Perhaps this was a lesson I should have kept in mind on my final arrival at Guillaume. We had both been dying to get here for years. Our ears were full of so many delicious rumors about the experience, that our mouths were more than ready to step in and take over. I made the reservation for Curly-Wurly-Girlie Joelle, of the famed hair and the infamous beauty, and I, in honour of her birthday, but it wasn't just the two of us who showed up. At a table laid in thick, silencing linen-white with heavy forks and knifes, me, her and all of our bloody expectations about what Guillaume would be like sat back, sipped a little mineral water and watched a dying sky over a fading Sydney. 

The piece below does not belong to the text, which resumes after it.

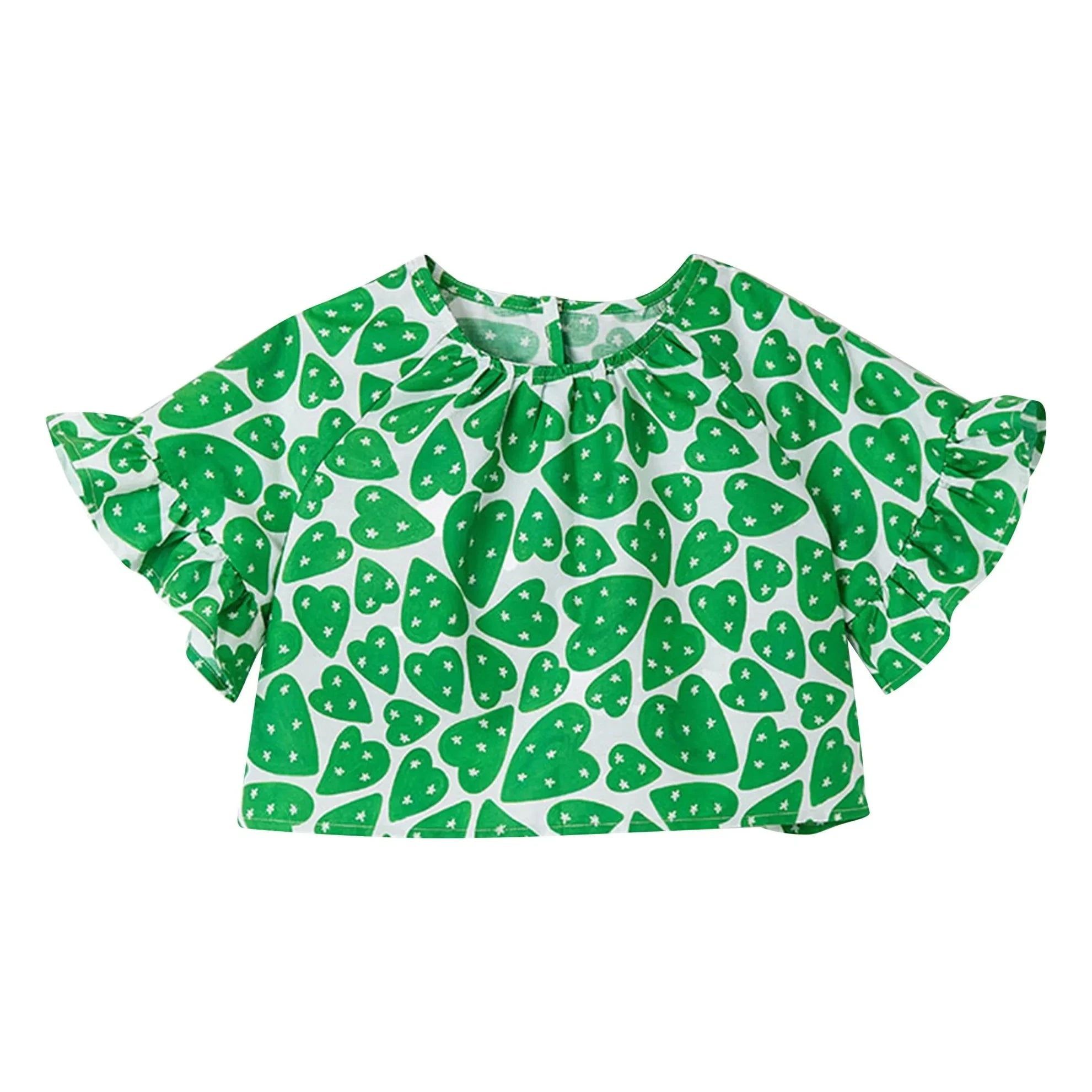 Fabula - Blouse Crop Cœurs | Green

An ivory menu in delicate black lettering told a tale of Blue Eye Trevalla. Of Roasted Barossa Valley Chicken. And Duo of Duck. And Scallops with cauliflower puree. As well as Baby Snapper in crisped skin with Jerusalem artichoke three ways and a Madeira and veal jus! Three ways! You mean this whole time i've ben having my Jerusalem artichoke one way like a bloody schmuck! A glance at this line up and we were feeling giddy, who needs champagne when the menu is this bubbly? 

Not us, especially as we probably couldn't afford it, anyway.

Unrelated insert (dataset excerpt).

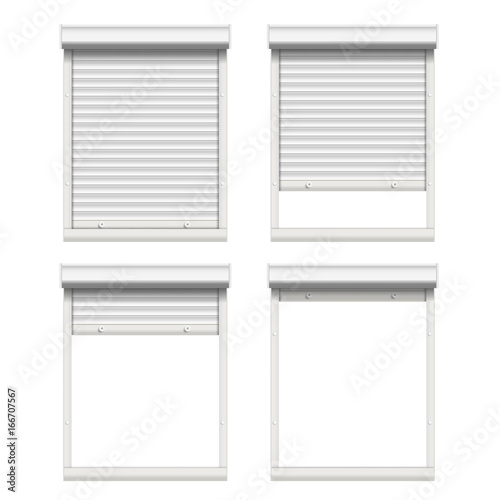 Vector Rolling Shutters. White Metallic Roller Shutter Isolated On White Background Illustration.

Festivities kick off with a little gift from the chef. It wasn't even my birthday, i've never met the guy, but still, he knew exactly what I wanted! Danny could use a tip or two from this guy. Petite, precious, jeweled little pearled lentil filled pots of creamy, herbed and heartrending rare fish. One artfully careful bite had feet arching and Jo and I all a sensuous sigh. This dish was immaculate, simple and sharp and added to in flavour by its sudden unexpected, but very welcome, arrival. Here, fishy fishy fishy.
The gentle little wafer that caressed the beautiful fish was the perfect, warming roughness to contrast the creamy, cool flesh. I wanted seconds but I played it cool. This was neither the time nor the place to be Lebanese.

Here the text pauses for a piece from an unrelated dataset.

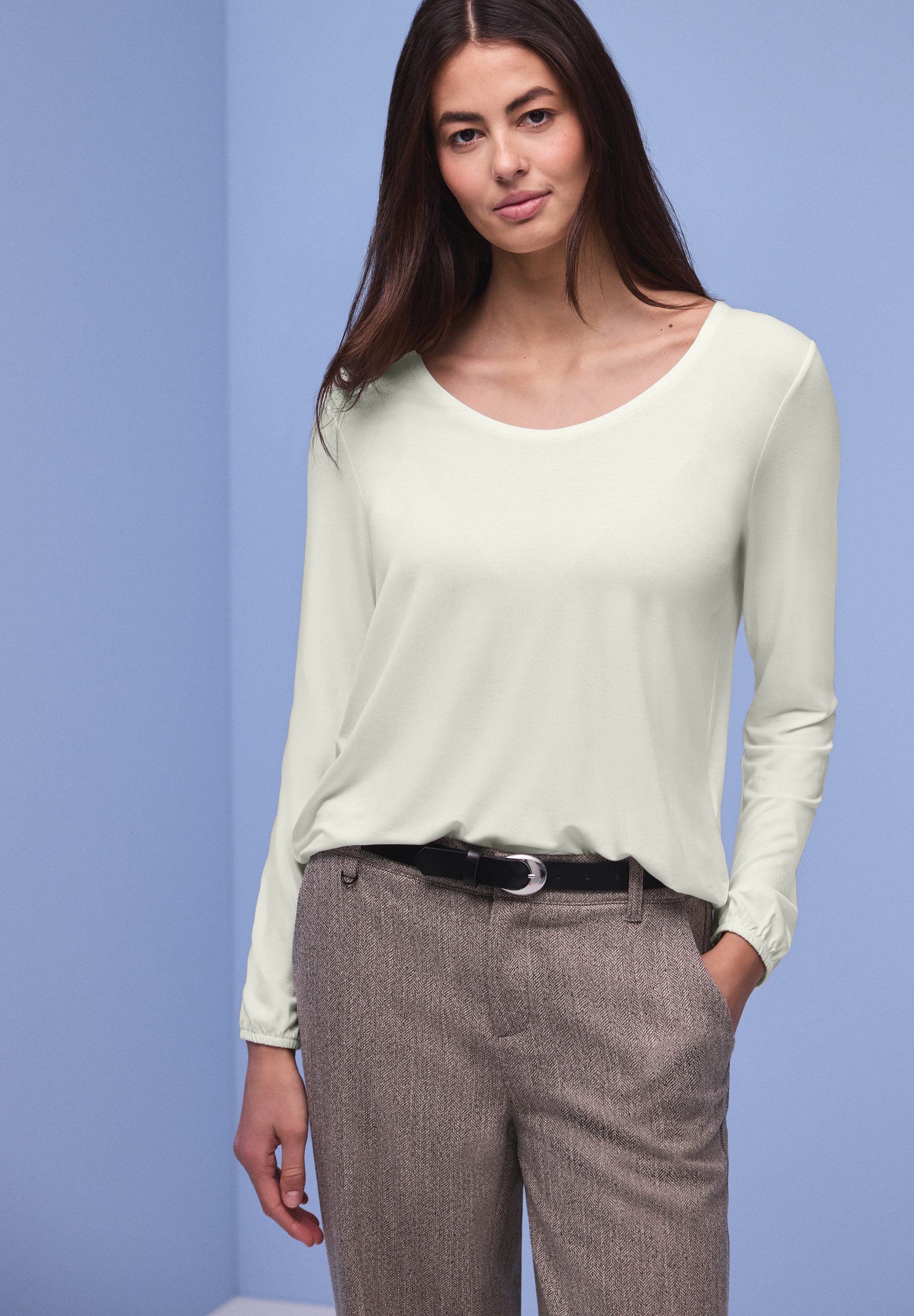 STREET ONE Langarmshirt mit abgerundetem V-Ausschnitt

Entrees are capable of being memorable events in the biography of our lives. Truly, they are. They can be up there with weddings, birthdays and graduations. A Veloute of Globe Artichoke with Fresh Chestnut and Parmesan Emulsion. JYFJHVJHbjSJKgdsGDj! If Javier Bardem had a twin brother, and God disembodied the both them along with Daniel Craig, a John Frusciante Solo, a Johnny Cash vocal cord and an Orhan Pamuk plot - pureed the lot, and turned into an entree, it would this.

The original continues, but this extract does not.